━━━━━ Task material ━━━━━

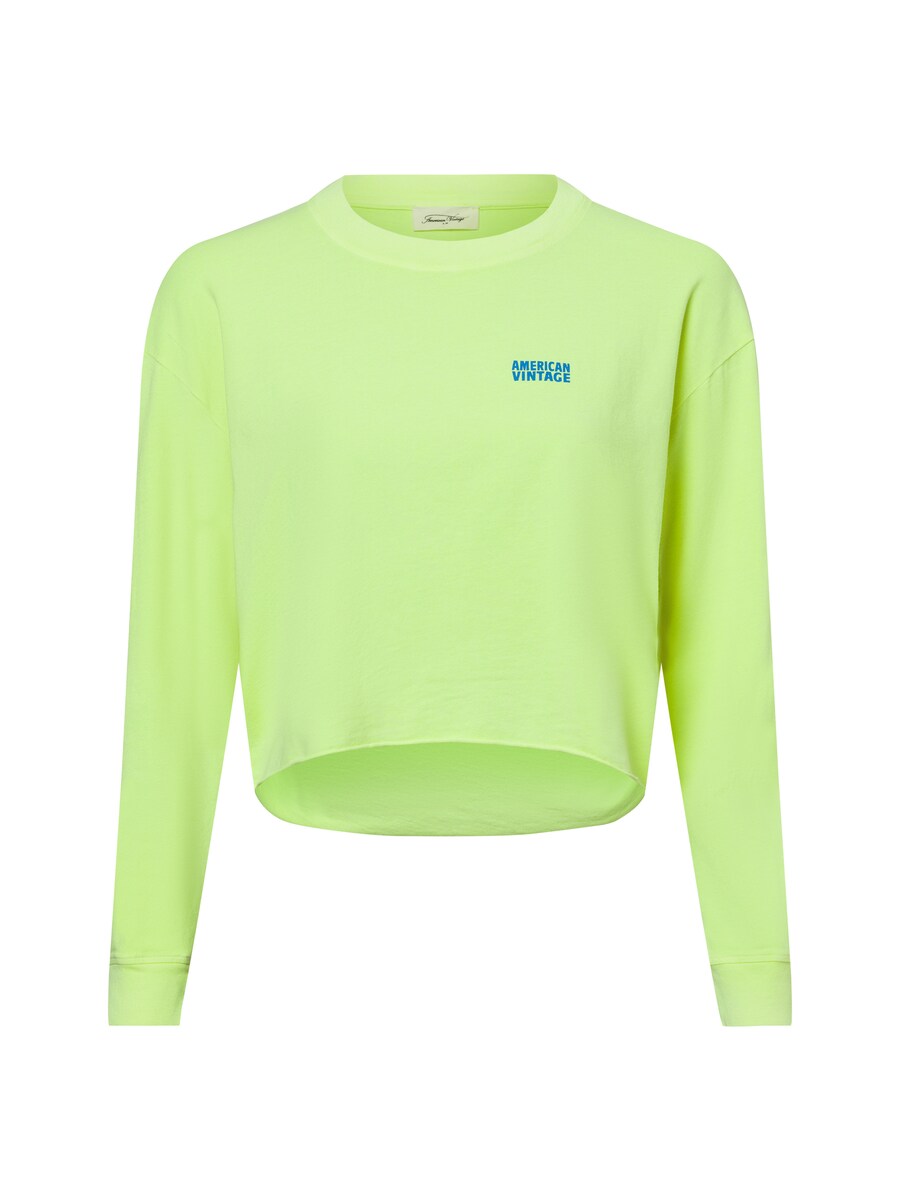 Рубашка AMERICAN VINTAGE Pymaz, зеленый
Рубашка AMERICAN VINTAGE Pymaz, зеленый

━━━━━
━━━━━ Task material ━━━━━

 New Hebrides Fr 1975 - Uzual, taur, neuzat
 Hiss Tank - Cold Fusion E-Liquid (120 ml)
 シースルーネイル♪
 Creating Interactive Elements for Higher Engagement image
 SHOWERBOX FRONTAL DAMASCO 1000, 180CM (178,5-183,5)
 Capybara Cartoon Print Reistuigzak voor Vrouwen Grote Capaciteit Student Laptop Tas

━━━━━
━━━━━ Task material ━━━━━

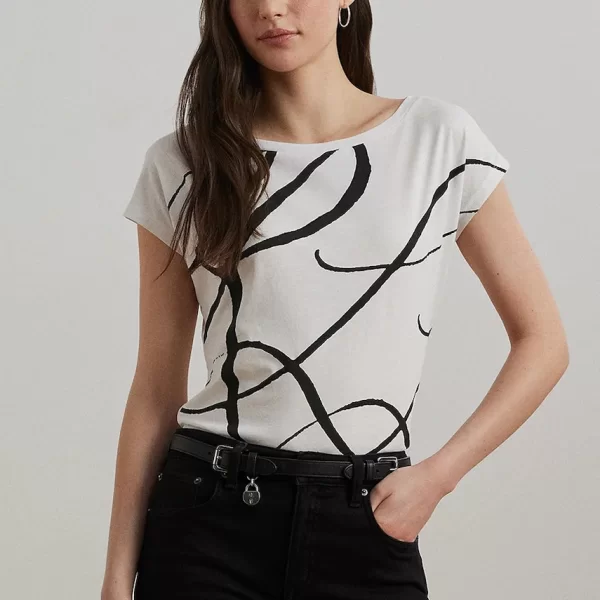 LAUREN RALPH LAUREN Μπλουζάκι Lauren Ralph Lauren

━━━━━

» **Assignment**:
Copy the lines above exactly, beginning at the line that has "SHOWERBOX FRONTAL DAMASCO" and stopping after the line that has "Capybara Cartoon Print", and omit the rest.

» **Exercise solution**:
 SHOWERBOX FRONTAL DAMASCO 1000, 180CM (178,5-183,5)
 Capybara Cartoon Print Reistuigzak voor Vrouwen Grote Capaciteit Student Laptop Tas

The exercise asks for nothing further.